Corry Bliss, a GOP operative who led the super PAC that attacked Ossoff during his House campaign, argued Ossoff was competitive then and now because of his fundraising.
“Raising $100 million from California could help anyone cover up flaws,” Bliss said. “At the end of the day Jon Ossoff’s undoing will be the same as 2017, that he’s an unaccomplished liberal.”
But Democrats’ Senate hopes rest on the fact that Georgia has continued to evolve in the past four years. Biden became the first Democrat to carry the state in a presidential race in close to three decades, after Abrams narrowly lost her race for governor two years ago. The Senate races will be close, but the early turnout among Black and young voters has given Democrats some optimism.

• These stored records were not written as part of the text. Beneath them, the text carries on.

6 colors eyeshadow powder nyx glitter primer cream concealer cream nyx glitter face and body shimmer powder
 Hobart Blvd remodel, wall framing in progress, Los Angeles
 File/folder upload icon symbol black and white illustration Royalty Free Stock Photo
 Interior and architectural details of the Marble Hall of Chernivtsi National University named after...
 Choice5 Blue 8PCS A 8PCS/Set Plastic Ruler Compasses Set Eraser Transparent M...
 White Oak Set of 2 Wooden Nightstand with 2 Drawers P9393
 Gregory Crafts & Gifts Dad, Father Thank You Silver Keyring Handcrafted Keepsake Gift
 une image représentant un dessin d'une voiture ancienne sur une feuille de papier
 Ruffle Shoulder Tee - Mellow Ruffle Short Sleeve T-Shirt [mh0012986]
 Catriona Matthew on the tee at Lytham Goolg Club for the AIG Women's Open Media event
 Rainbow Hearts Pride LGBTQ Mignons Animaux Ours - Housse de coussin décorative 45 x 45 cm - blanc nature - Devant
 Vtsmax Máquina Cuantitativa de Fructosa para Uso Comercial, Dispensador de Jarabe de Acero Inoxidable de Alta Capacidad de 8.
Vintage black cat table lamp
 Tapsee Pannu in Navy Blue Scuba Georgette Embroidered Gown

After Athens Mayor Kelly Girtz rallied with Ossoff in front of City Hall on Saturday, Girtz said Democratic enthusiasm in Georgia has snowballed since Ossoff demonstrated in 2017 how close the party was to breaking through in new places.
“As a member of the Democratic Party here in Georgia, I feel like we’re a train rolling down the tracks and we’re never going back to statewide exclusively Republican leadership,” Girtz said.
He also credited Ossoff with focusing outside the major population centers of the state, a necessity since Ossoff started the Senate race universally known in the Atlanta area but without a footprint in the rest of Georgia.
Ossoff has talked about his visit to Cuthbert, a small town in the southwest part of the state where a rural hospital closed this year, emphasizing his focus on health care. Between the rallies in Athens and Macon, Ossoff held an event in Eatonton, a town of 7,000 in the center of the state.
“These are not major meccas, but you’ve got to activate people in every town of 5,000 and 10,000 and 100,000 people,” Girtz said. “It can’t just be Atlanta, Savannah, Augusta, Athens."